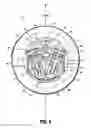 Fig. 06 - Micro surgical instrument and loading unit for use therewith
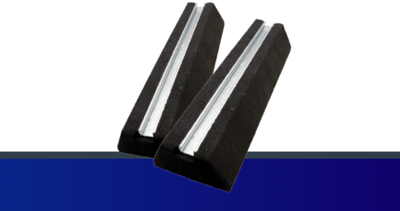 Support Anti-Vibration Pompe à chaleur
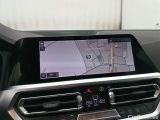  Bmw  Serie 3 BMW 3 Reeks Touring 320e (150 kW) 5d #13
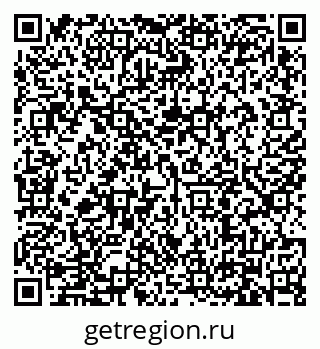 79634303935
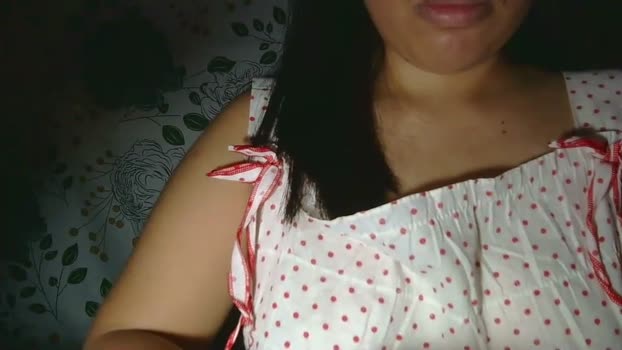 chubbybutty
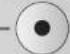 ARCAM BDP300 - TITLE - 7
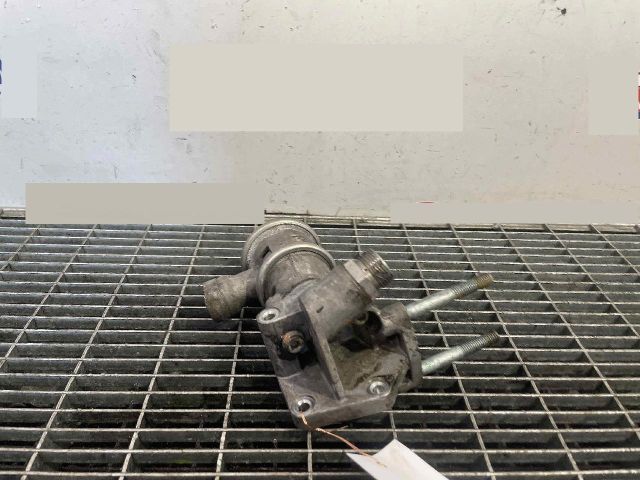 bontott SKODA OCTAVIA I EGR / AGR Szelep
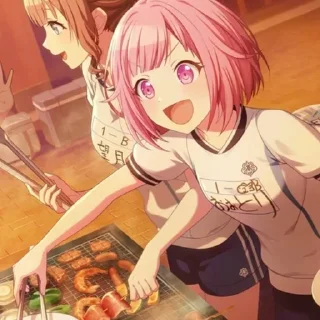 🍭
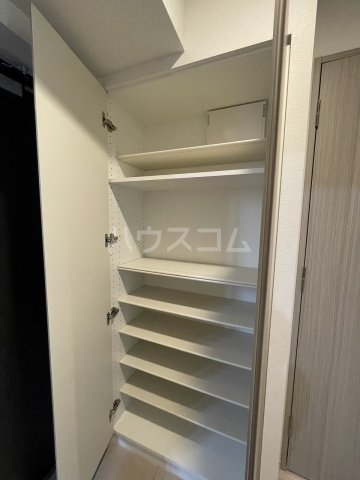 8/26 収納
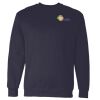 Men's Budget Sweatshirt  Thumbnail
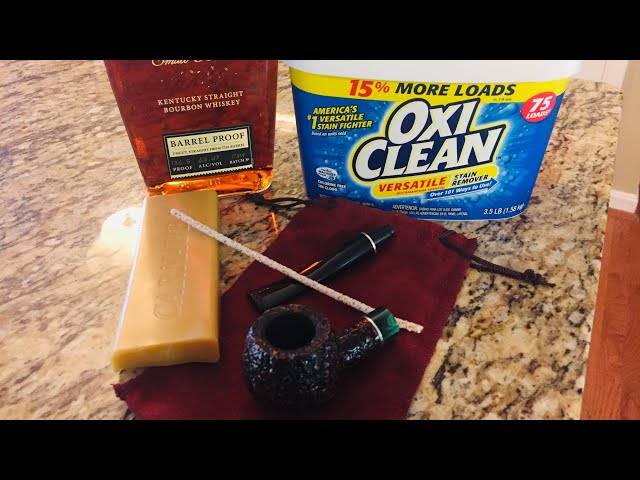 snuff tobacco near me BaccOff Classic Straight Long Cut Dip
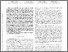 [thumbnail of Towards_Synthetic_Generation_of_Clinical_Rosacea_Images_with_GAN_Models.pdf]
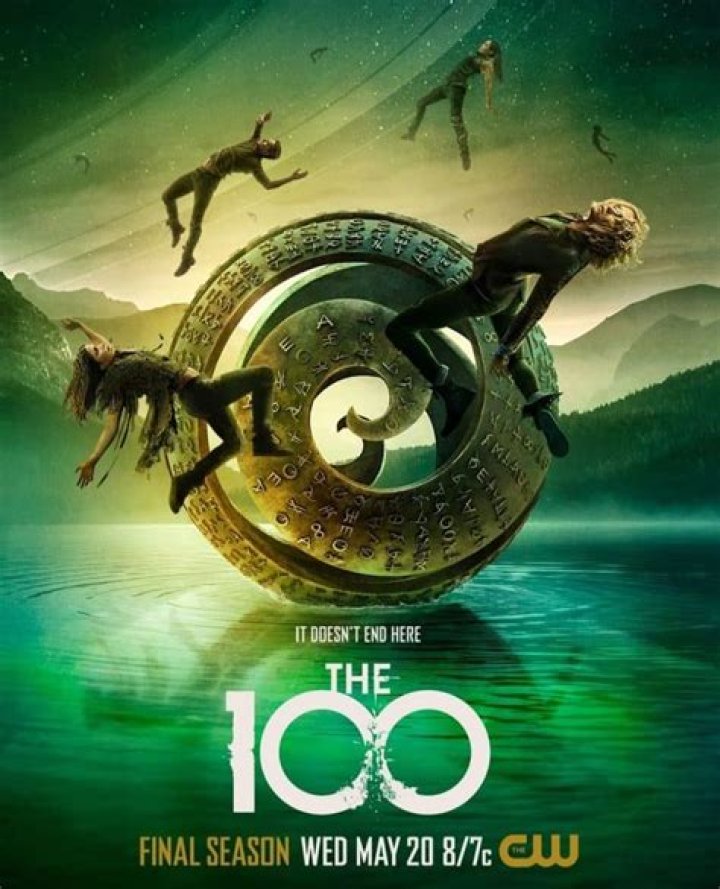 The Tragic Life Of Clay Virtue From ‘The 100’: Death, Family, Wiki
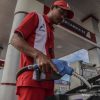 Resmi! Harga BBM nonsubsidi turun 1 Juli 2026, Pertamax Turbo – Dexlite lebih murah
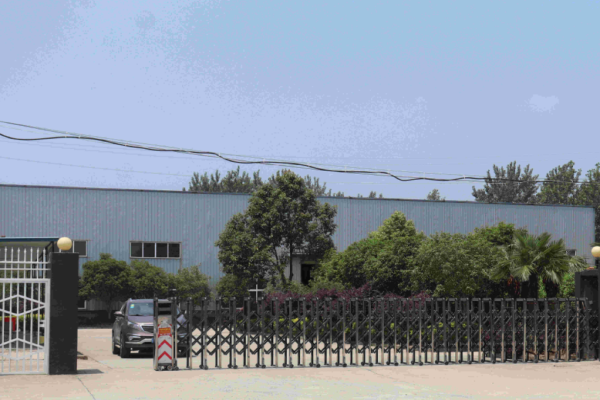 恭喜東莞市**航空科技有限公司通過(guò)Sedex 4P認(rèn)證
****
**What the exercise asks:**
Would you print, exactly as they appear, the lines from the line with "Support Anti-Vibration Pompe à chaleur" through the end of the entries above, leaving out the pictures?

**Problem solution:**
 Support Anti-Vibration Pompe à chaleur
  Bmw  Serie 3 BMW 3 Reeks Touring 320e (150 kW) 5d #13
 79634303935
 chubbybutty
 ARCAM BDP300 - TITLE - 7
 bontott SKODA OCTAVIA I EGR / AGR Szelep
 🍭
 8/26 収納
 Men's Budget Sweatshirt  Thumbnail
 snuff tobacco near me BaccOff Classic Straight Long Cut Dip
 [thumbnail of Towards_Synthetic_Generation_of_Clinical_Rosacea_Images_with_GAN_Models.pdf]
 The Tragic Life Of Clay Virtue From ‘The 100’: Death, Family, Wiki
 Resmi! Harga BBM nonsubsidi turun 1 Juli 2026, Pertamax Turbo – Dexlite lebih murah
 恭喜東莞市**航空科技有限公司通過(guò)Sedex 4P認(rèn)證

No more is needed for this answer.